09/01/2012 04:38 EDT | Updated 11/01/2012 05:12 EDT

Porter wins Paralympic judo silver, redemption for 5th place Beijing finish

LONDON - American Myles Porter won silver in the men's 100-kilogram Paralympic judo on Saturday in a victory he described as redemption after coming fifth at the Beijing Games.

Porter, 26, was aiming for gold but said any medal was an improvement after Beijing. "It's not the colour I wanted but silver is nothing to hang your head down about," he said. Choi Gwang-geun of South Korea won gold.

Brazilian Antonio Tenorio was the heavy favourite to win the division, with four Paralympic golds. Until getting knocked out in a cagey, second-round fight on Saturday, the 41-year-old had never lost at the Paralympics since first competing at the Atlanta games, racking up four gold medals. On Saturday, he settled for bronze.

Porter lost to Tenorio in Beijing and said he and his coach have spent the last four years training for London. "We've spent the last six months just focusing on the mental preparation," Porter said.

Not that Porter wasn't physically prepared. In his quarter-final, he flipped his Japanese opponent onto his back for a match-ending ippon in just five seconds. Though he is legally blind, Porter also competes in normal judo competitions and has previously won silver in the United States national championship.

Paralympic judo is fought only by visually impaired or blind athletes. Unlike Olympic judo, fighters start the bout with a grip on each other's uniforms, changing the pace and dynamic of the martial art. In addition to Tenorio, three other Paralympic judoka lost their titles in the past few days.

"In Olympic judo, it's very rare to have two hands on your opponent," said U.S. Olympic coach Jimmy Pedro. "But in Paralympic judo, that's where they start."

That means Paralympic competitors are often in a better position to throw — drawing the sport closer to its Japanese roots as a weapon-less martial art developed by samurai. In contrast, Olympic judo is often split between fighters aiming to throw and those who focus on groundwork with choking or grappling techniques. The result is often an intense battle for a superior grip, with intense grabs and blocks that sometimes resemble boxing.
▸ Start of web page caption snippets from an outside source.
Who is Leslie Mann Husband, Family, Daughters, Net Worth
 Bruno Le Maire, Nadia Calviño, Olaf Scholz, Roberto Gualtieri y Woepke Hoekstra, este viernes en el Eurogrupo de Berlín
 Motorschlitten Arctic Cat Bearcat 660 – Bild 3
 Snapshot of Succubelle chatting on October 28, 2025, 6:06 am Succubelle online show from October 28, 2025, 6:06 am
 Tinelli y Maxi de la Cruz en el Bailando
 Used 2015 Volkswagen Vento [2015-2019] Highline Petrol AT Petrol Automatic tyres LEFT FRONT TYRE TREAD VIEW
"Paralympic judo is very physical because you can always feel your competitor's strength," Pedro said. He added that starting with a grip on your competitor's uniform isn't always an advantage.

"It's possible you could get lucky and throw," he said. "But your opponent has a grip on you too."

In 2010, Porter tried to join the army after his brother enlisted, but was rejected because of his blindness. Instead, Porter focused on the London Paralympics. He now spends much of his time talking to wounded U.S. veterans, encouraging them to not be limited by their physical disabilities. Porter also gives regular judo demonstrations, including a 2009 session for President Barack Obama and first lady Michelle at the White House.

Porter described Obama's enthusiasm for judo as "awesome" and said the president had taken off his blazer in preparation for getting onto the judo mat. "Then there were about 200 cameras turned on him," Porter said, explaining Obama had a late change of heart.

Porter's teammate, Dartanyon Crockett, took bronze in the men's 90-kilogram division, winning his last fight in less than one minute with an ippon throw.

Elsewhere in the Paralympics, British swimmer Ellie Simmonds defended her title and set a new world record in the women's 400 freestyle S6 division. American Victoria Arlen led for much of the race, until Simmonds surged in the last 50 metres, leaving Arlen with silver.

Arlen had originally been reclassified into a different category but after she appealed the decision, officials ruled this week Arlen could compete in the division until her review by the Paralympic classification panel next August. Arlen, 17, is a former champion swimmer paralyzed in 2006 by a virus affecting her spinal cord. She was in a vegetative state for two years before recovering. Earlier this year, Arlen broke two of Simmonds' world records and is now top-ranked.

In athletics, South African sprinter Oscar Pistorius will defend his Beijing title in the T44 200m final on Sunday after qualifying on Saturday in the third heat. Running on carbon-fibre blades, Pistorius became the first double amputee to compete at the Olympics last month. He won three golds at the Beijing Paralympics.